Pour sa part, Julie Godin, ingénieure et gestionnaire des relations corporatives à la Faculté de génie de l’Université McGill, prévient les diplômés en génie des mines qu’ils devront faire preuve de flexibilité pour trouver du travail. «Les emplois proviendront davantage de l’Ouest canadien et des États-Unis», dit-elle.

Prudence en aéronautique

Le génie aérospatial occupe une place particulière : il s’agit d’un secteur prometteur, qui comporte toutefois une part de risque.

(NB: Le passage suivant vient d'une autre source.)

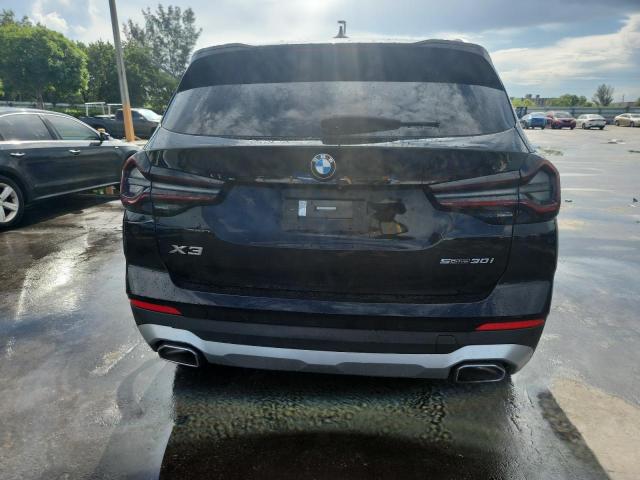  BMW X3 2022 Черный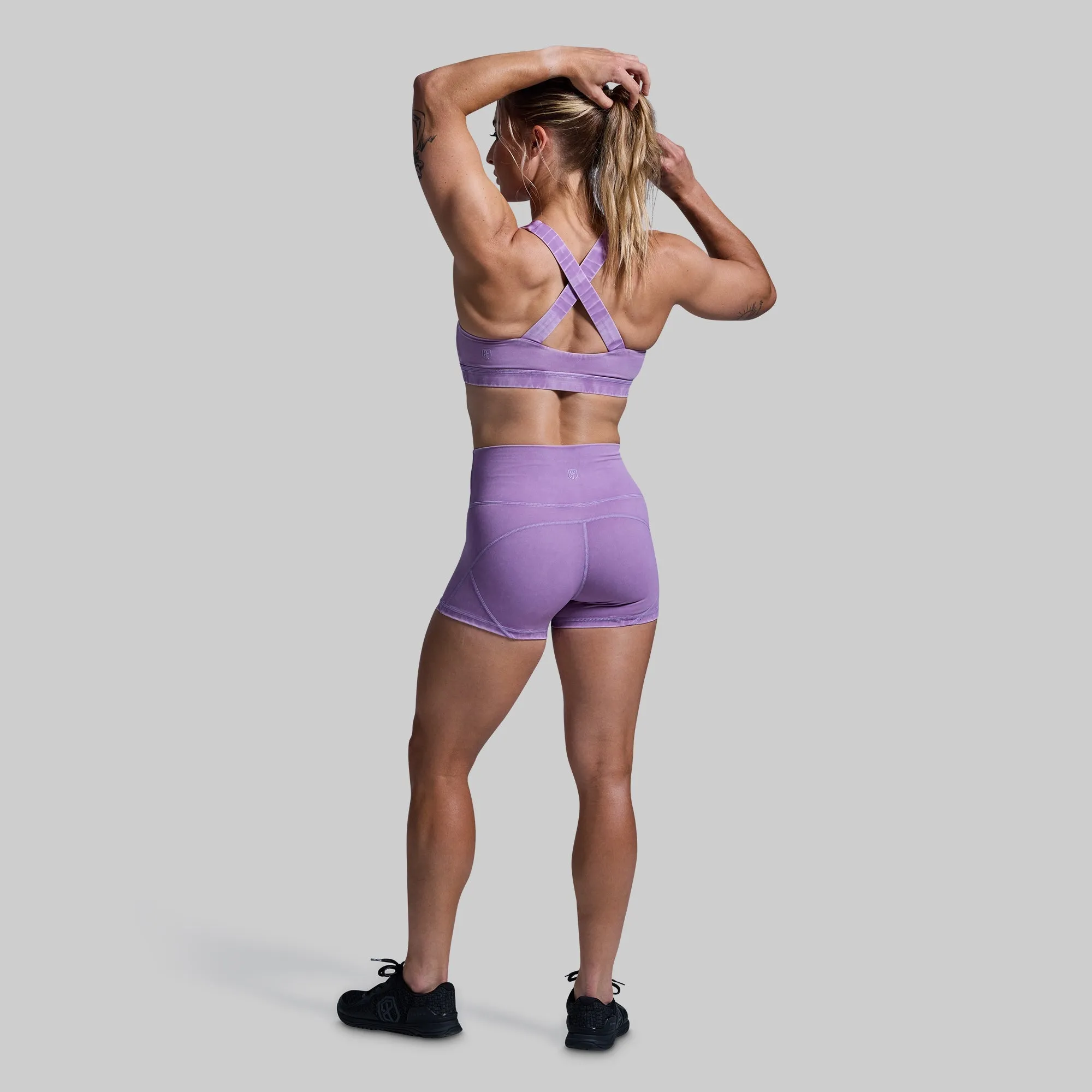 Your Essential Sports Bra (Washed Orchid)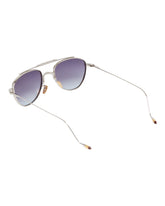 Silver Flynn Sunglasses | PDP | Antonia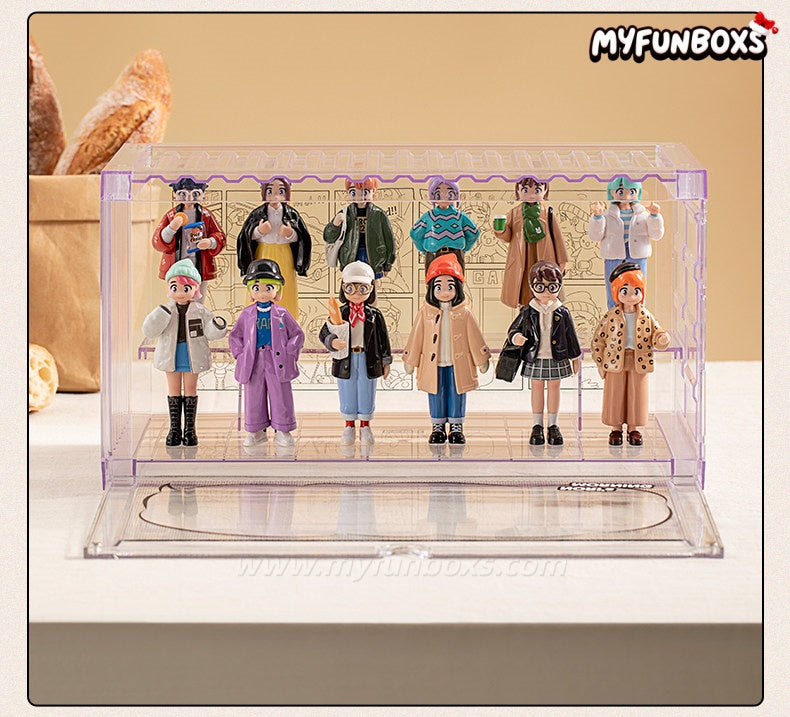 POP MART Xiao Nuo‘s Morning Display Box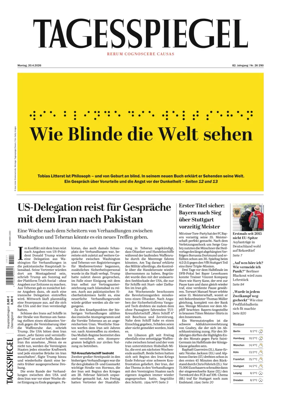Cover of Der Tagesspiegel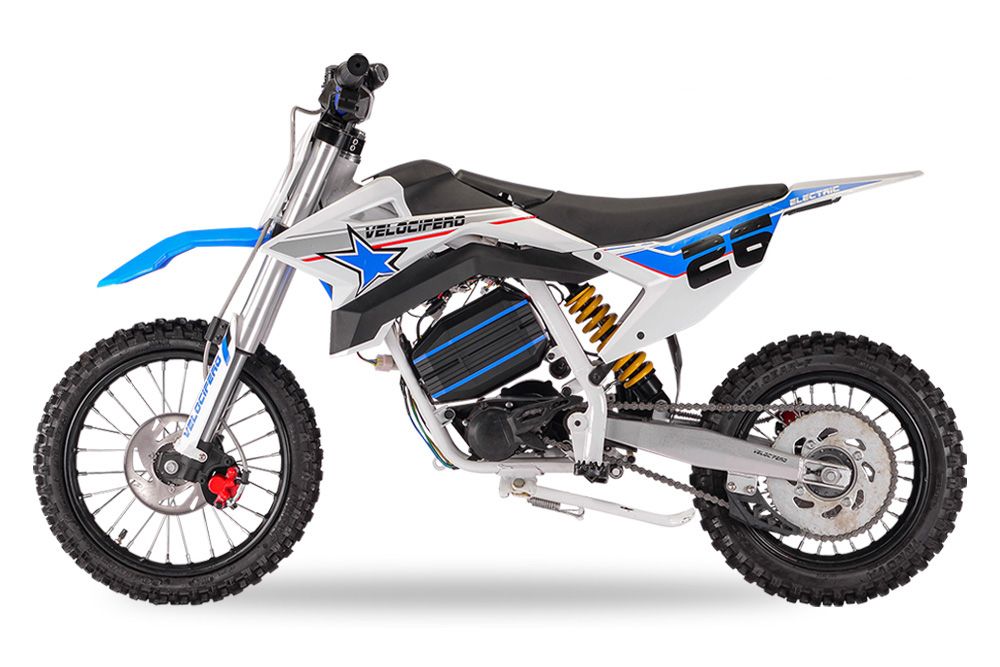 Velocifero KidCross 14-12 Eco midi Kinder Dirtbike 1000W 60V Lithium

Seule université québécoise à offrir un programme de baccalauréat menant au titre d’ingénieur aérospatial, Polytechnique Montréal place sans difficulté ses 60 diplômés auprès des grands employeurs que sont les Bombardier, Bell Helicopter, CAE, Pratt & Whitney, ainsi que leurs sous-traitants.

On forme peut-être trop d’ingénieurs civils. À un moment donné, le marché du travail pourrait ne plus pouvoir intégrer l’ensemble
de ces diplômés.
— Nadir Belkhiter, Université Laval

«Les emplois sont nombreux et stimulants. Mais si la CSeries de Bombardier ne prend pas son envol, l’embauche pourrait en souffrir», constate Allan Doyle. Nouvelle gamme d’avions de 110 à 149 places, la CSeries n’a pas encore fait sa place auprès des compagnies aériennes. Son entrée en service a été reportée au milieu de l’année 2015.

L’aérospatiale constitue également un débouché intéressant pour d’autres disciplines du génie. «L’aéronautique absorbe de 40 à 45 % de nos diplômés en génie mécanique. En 2013, Bombardier a engagé 150 stagiaires en génie mécanique et Pratt & Whitney, près d’une centaine!» dit Pierre Rivet, de l’ÉTS.

Les perspectives d’emploi sont toutefois moins réjouissantes pour 2014. «Étant donné que les grandes entreprises aéronautiques ne veulent pas s’engager à long terme, il y a une forte baisse du rythme d’embauche de ces diplômés. Les PME pourraient cependant prendre le relais», souligne Pierre Rivet.

Surchauffe en génie civil?

En génie civil, le feu est au jaune. Le secteur connaît un ralentissement, et certains se demandent si une bulle ne serait pas en train de se créer. «On forme peut-être trop d’ingénieurs civils. À un moment donné, le marché du travail pourrait ne plus pouvoir intégrer l’ensemble de ces diplômés», dit Nadir Belkhiter, vice-doyen aux études à la Faculté des sciences et de génie de l’Université Laval.

Cette crainte est partagée par Pierre Rivet de l’ÉTS, l’établissement universitaire qui forme le plus grand nombre d’ingénieurs civils au Canada. «Le Québec produit environ 3 000 ingénieurs civils par année. C’est trop et c’est insoutenable», croit-il.

Car même si les besoins en infrastructures sont grands, comme la construction et la réfection de ponts et de routes, le gouvernement du Québec, les municipalités et même Hydro-Québec ont resserré les cordons de la bourse. En outre, la réputation des firmes de génie-conseil a été éclaboussée par les révélations faites lors de la commission Charbonneau.

«Le pipeline de contrats des firmes de génie-conseil est maintenant à sec. Qu’arrivera-t-il, dans deux ou trois ans, aux nouveaux diplômés en génie civil?» se demande Pierre Rivet.

À première vue, les étudiants de l’ÉTS n’ont pas à s’inquiéter à court terme, puisque les possibilités de stages demeurent nombreuses. Toutefois, le chemin vers l’emploi risque d’être plus ardu. «Il y a maintenant deux fois plus de candidats que de postes disponibles», signale Pierre Rivet.

Mais s’il y a une chose que les dernières années nous ont apprise, c’est que l’histoire n’est jamais écrite d’avance. La morale : mieux vaut choisir sa carrière en fonction de ses champs d’intérêt et de ses goûts. L’emploi viendra grâce à la passion!